From the listing below, restate word for word the lines from the line containing "Рамка 1 пост IEK Brite, IP44, бежевый" down through the line containing "Gunsmoke T155 Silk Taffeta Fabric". Exclude pictures.

-*-

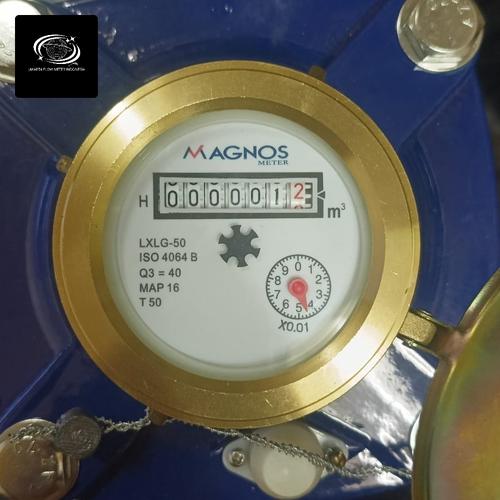 Jual water meter Magnos size 2 inch DN 50 - Jakarta Pusat ...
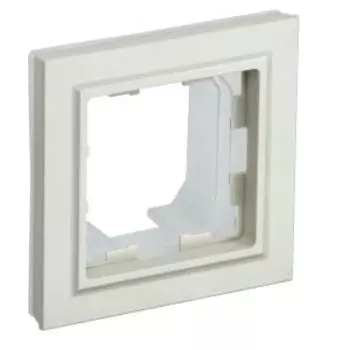 Рамка 1 пост IEK Brite, IP44, бежевый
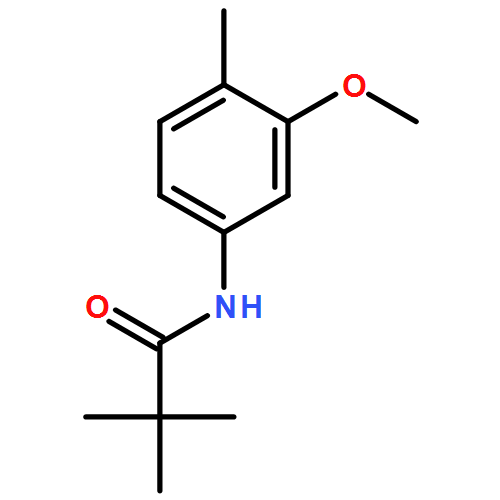 Propanamide, N-(3-methoxy-4-methylphenyl)-2,2-dimethyl-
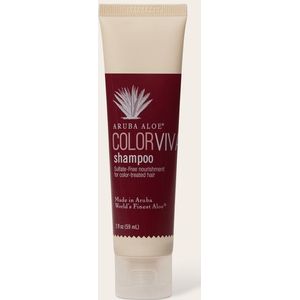 Aruba Aloe Color Viva Shampoo | Beschermt en voedt | 59ml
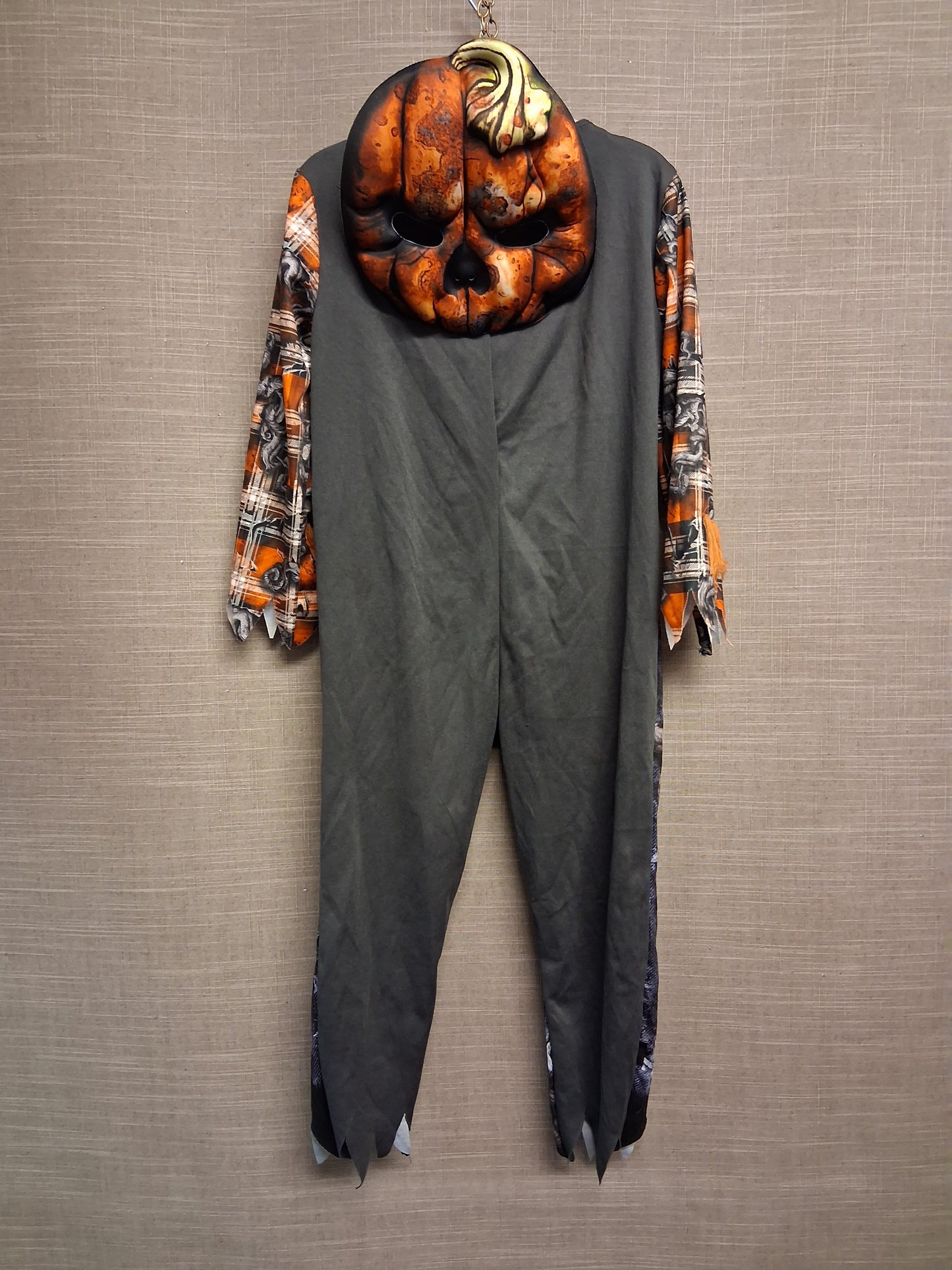 F&F Boys Spooky Pumpkin Costume 3 Piece Outfit Age 3-4 Years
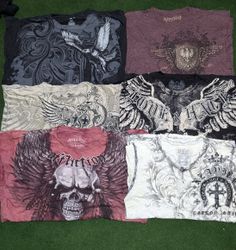 Afflication TShirts 30 Pices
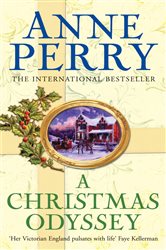 Book cover: A Christmas Odyssey (Christmas Novella 8) (Book 8 of Christmas Novella) by Anne Perry (preview)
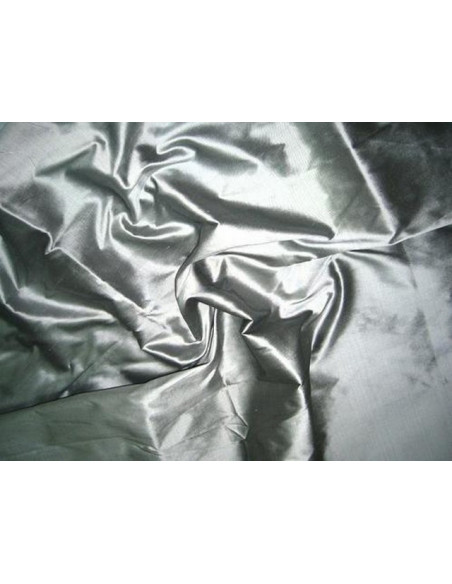 Gunsmoke T155 Silk Taffeta Fabric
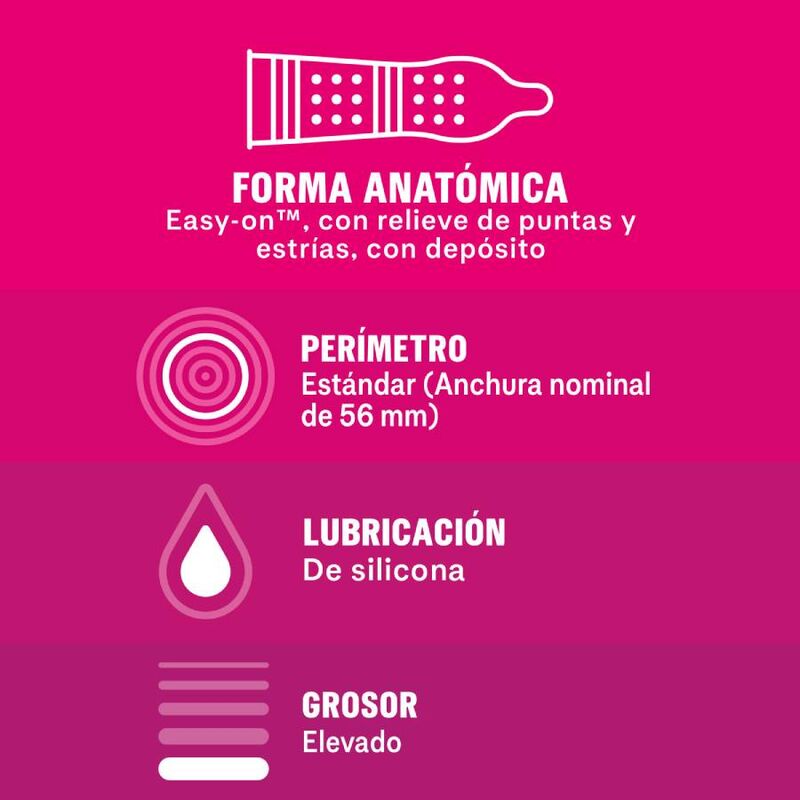 Durex Condoms Dame Placer - 3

-*-

▶ **Exercise response**:
 Рамка 1 пост IEK Brite, IP44, бежевый
 Propanamide, N-(3-methoxy-4-methylphenyl)-2,2-dimethyl-
 Aruba Aloe Color Viva Shampoo | Beschermt en voedt | 59ml
 F&F Boys Spooky Pumpkin Costume 3 Piece Outfit Age 3-4 Years
 Afflication TShirts 30 Pices
 Book cover: A Christmas Odyssey (Christmas Novella 8) (Book 8 of Christmas Novella) by Anne Perry (preview)
 Gunsmoke T155 Silk Taffeta Fabric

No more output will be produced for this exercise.